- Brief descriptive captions
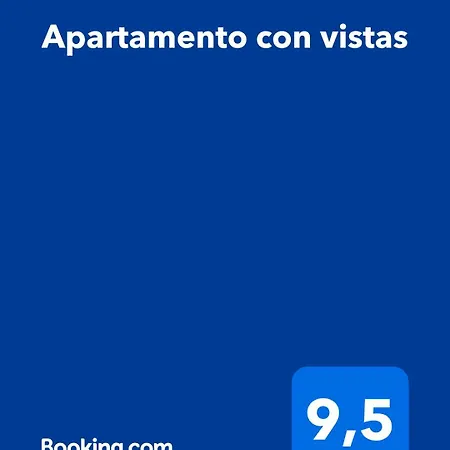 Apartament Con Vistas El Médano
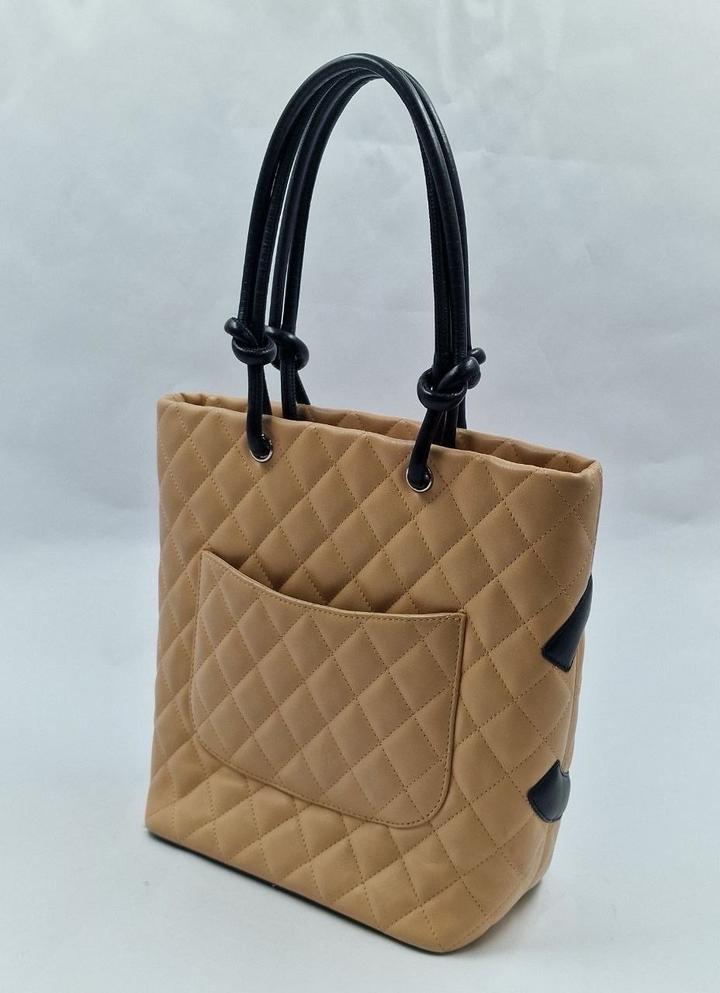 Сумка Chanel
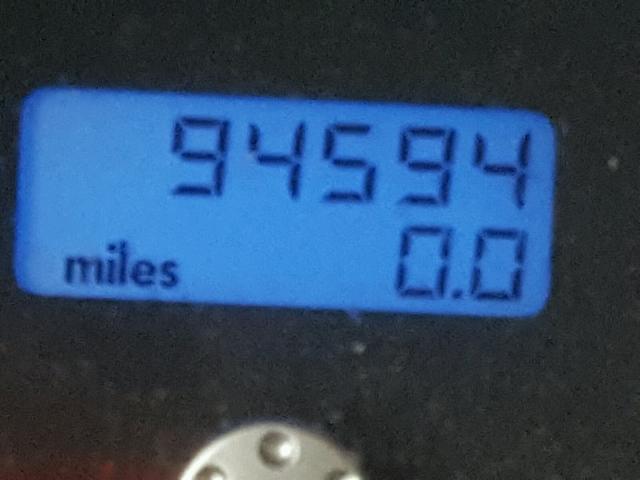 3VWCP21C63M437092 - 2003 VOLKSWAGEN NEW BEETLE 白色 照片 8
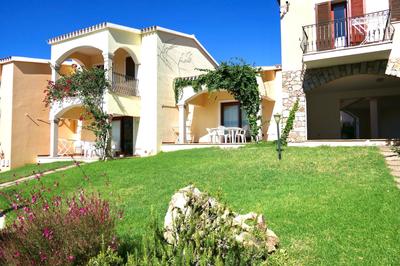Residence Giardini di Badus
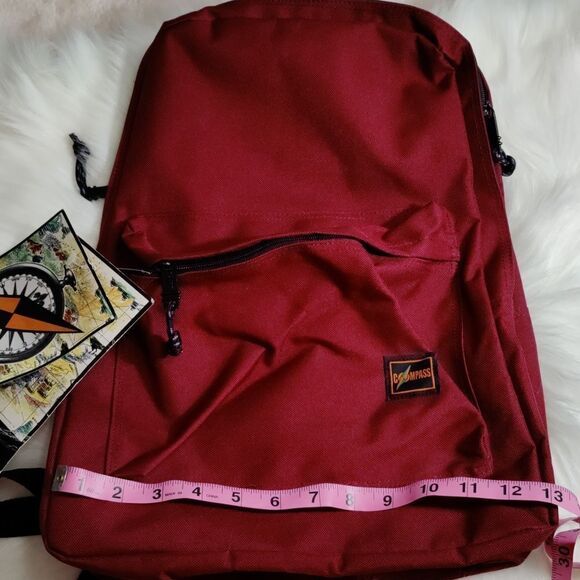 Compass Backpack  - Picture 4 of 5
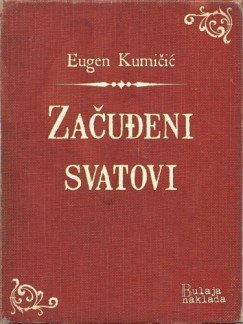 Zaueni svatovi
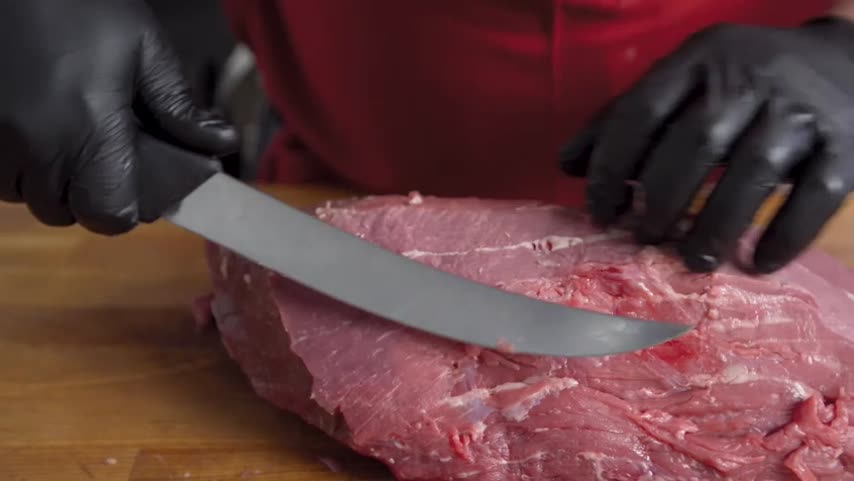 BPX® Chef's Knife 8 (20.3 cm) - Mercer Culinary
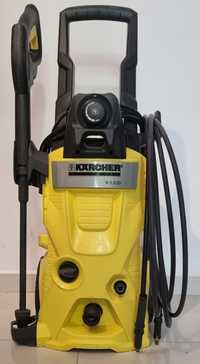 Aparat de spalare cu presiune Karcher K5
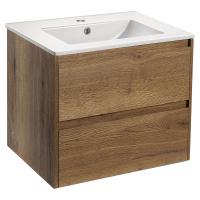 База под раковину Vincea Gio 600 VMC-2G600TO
* * *
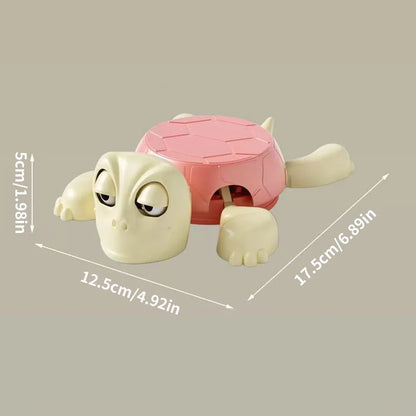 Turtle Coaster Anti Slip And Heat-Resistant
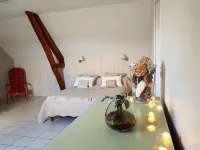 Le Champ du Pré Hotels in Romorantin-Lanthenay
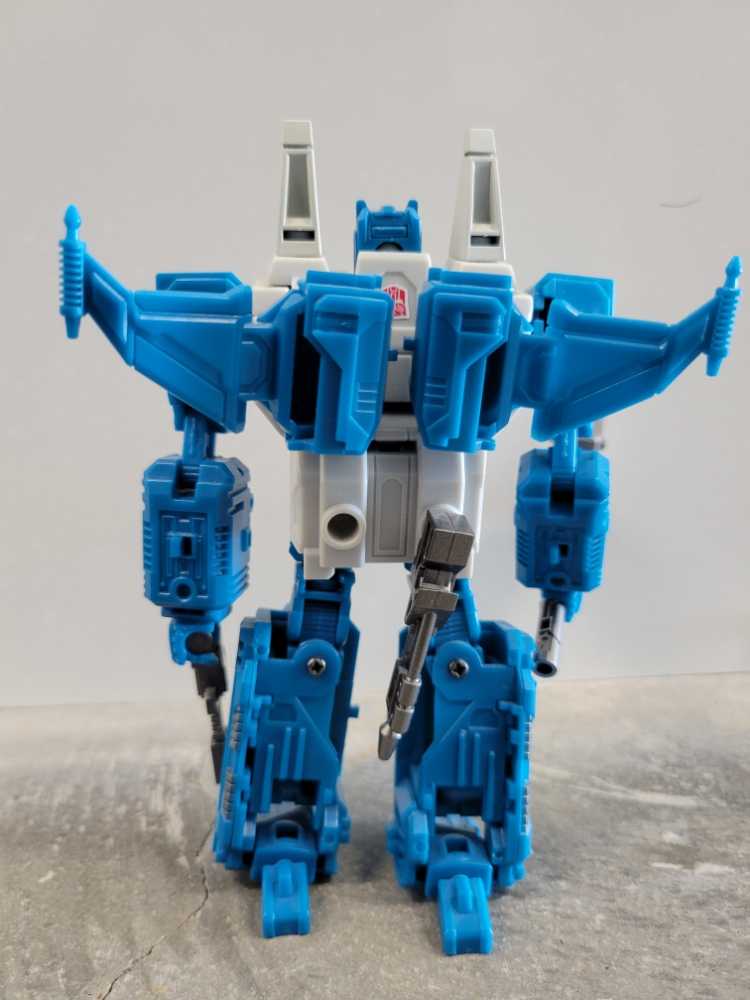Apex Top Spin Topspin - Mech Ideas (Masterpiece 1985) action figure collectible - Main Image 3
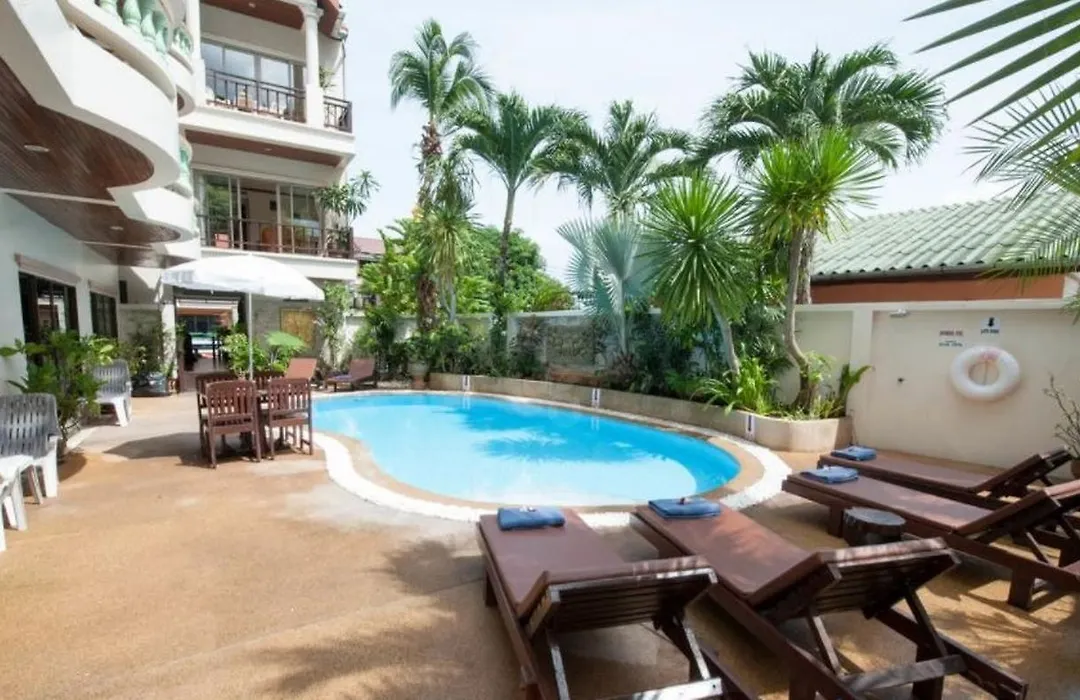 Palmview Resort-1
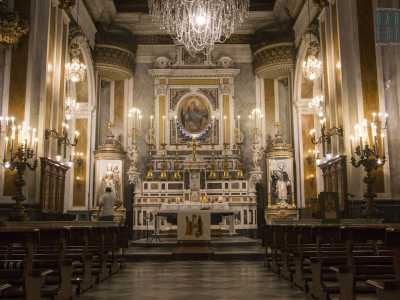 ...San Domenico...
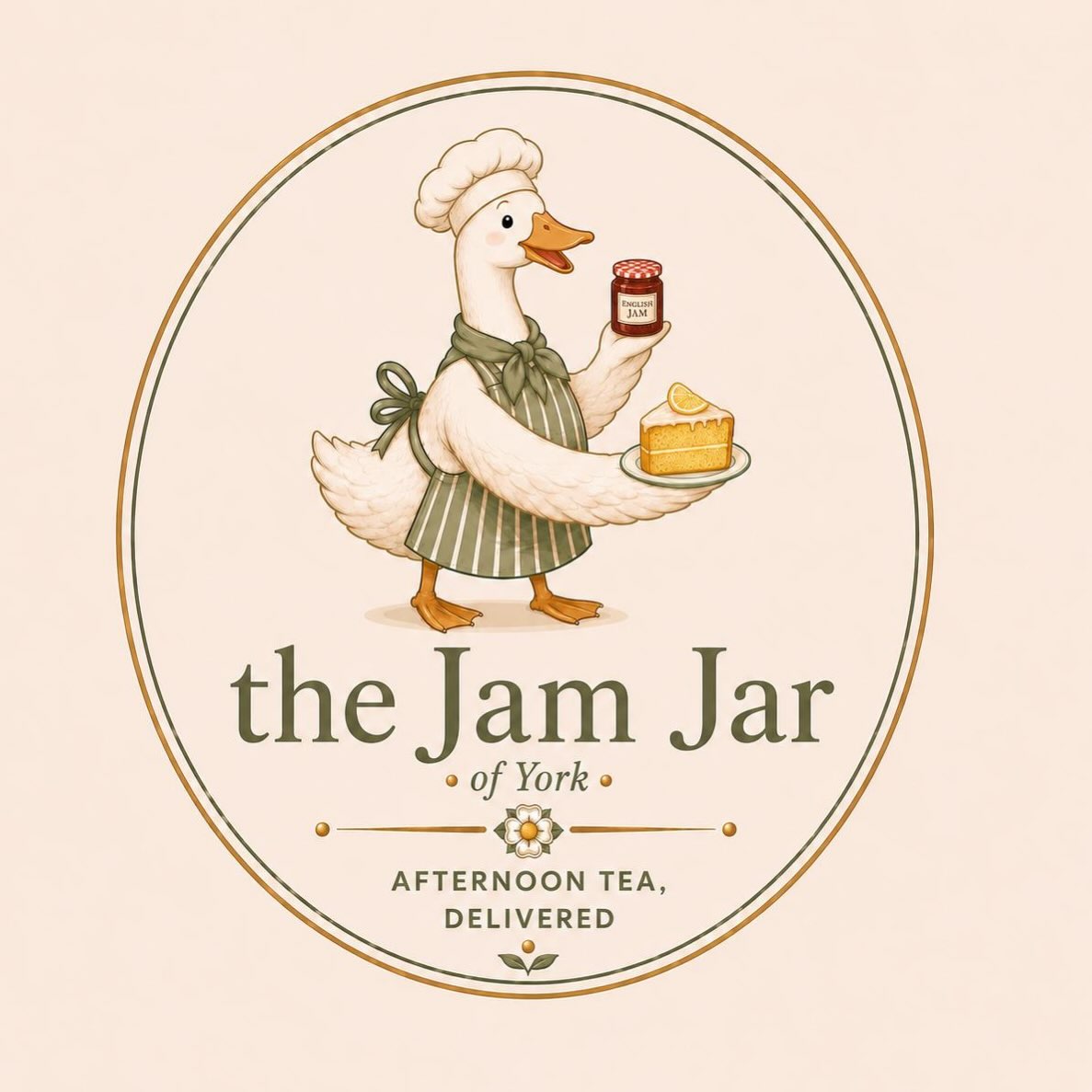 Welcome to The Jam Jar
---
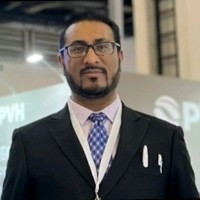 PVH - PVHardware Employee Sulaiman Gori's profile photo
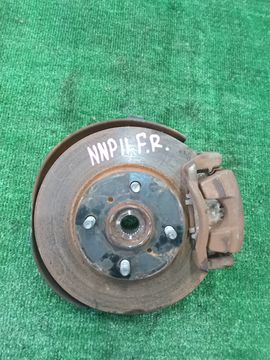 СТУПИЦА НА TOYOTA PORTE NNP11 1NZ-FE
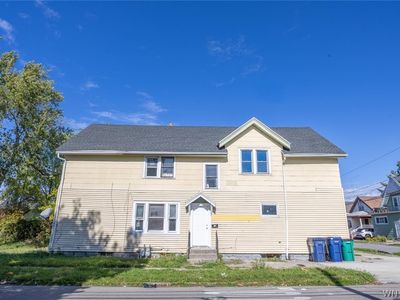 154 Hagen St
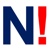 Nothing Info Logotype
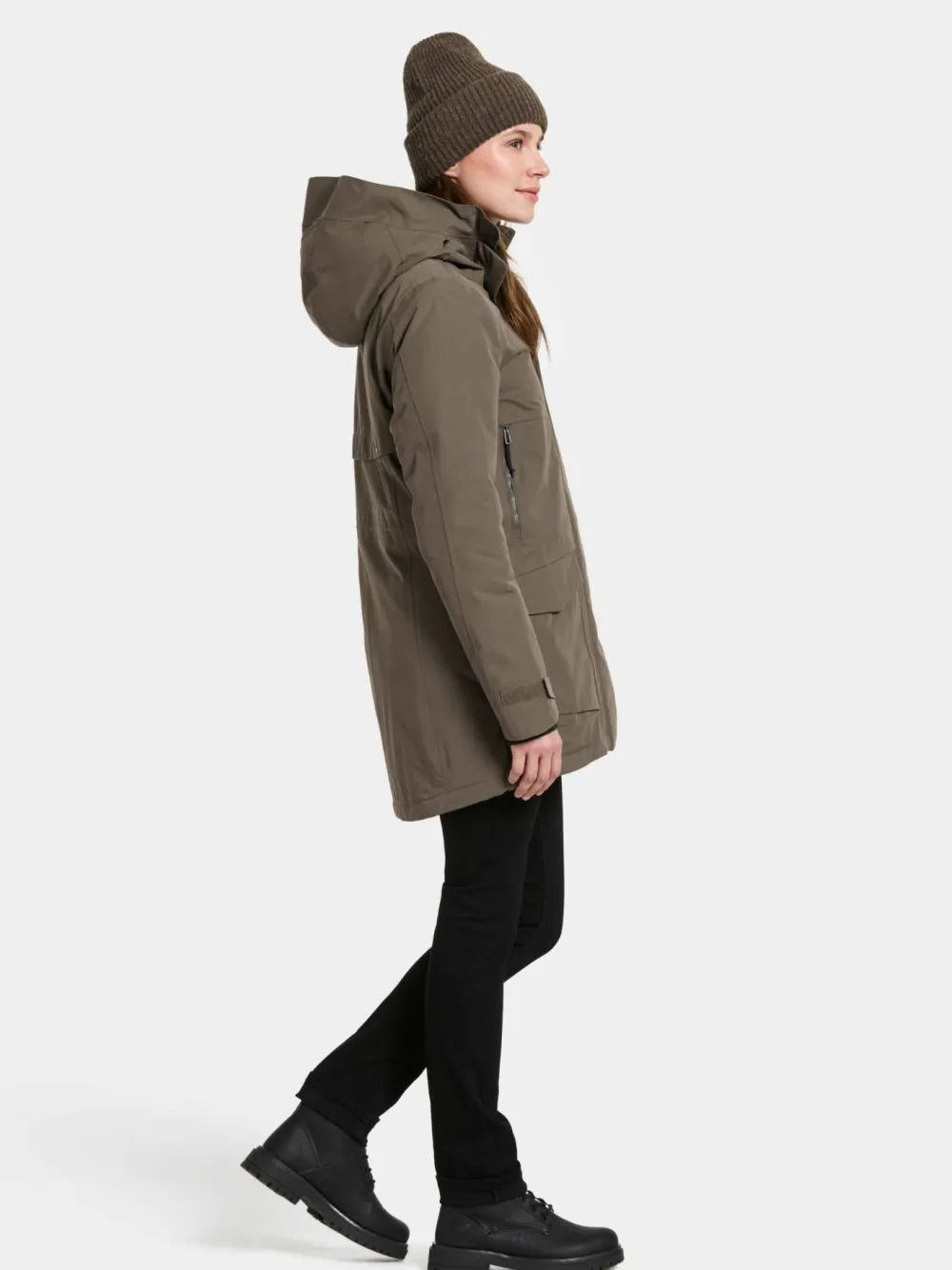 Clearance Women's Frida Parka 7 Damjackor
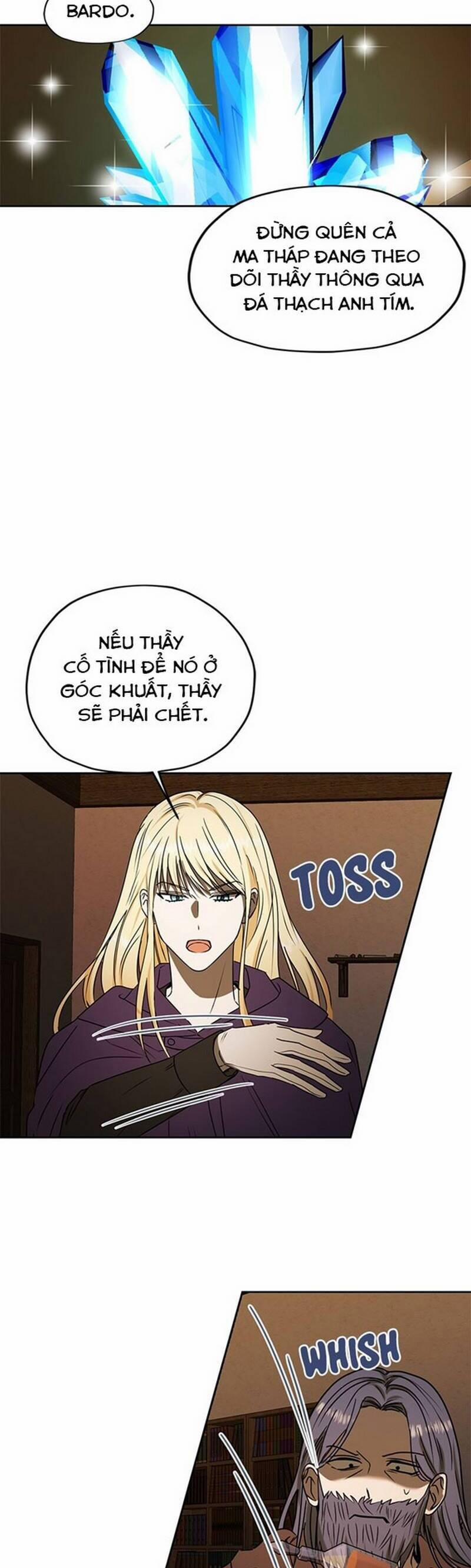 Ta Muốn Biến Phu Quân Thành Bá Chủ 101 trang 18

- DIRECTIONS
In the data above, find the line containing "СТУПИЦА НА TOYOTA PORTE NNP11 1NZ-FE" and the line containing "Ta Muốn Biến". Copy exactly the stretch from the first through the second, both included, leaving out any picture.

- ANSWER SPACE
 СТУПИЦА НА TOYOTA PORTE NNP11 1NZ-FE
 154 Hagen St
 Nothing Info Logotype
 Clearance Women's Frida Parka 7 Damjackor
 Ta Muốn Biến Phu Quân Thành Bá Chủ 101 trang 18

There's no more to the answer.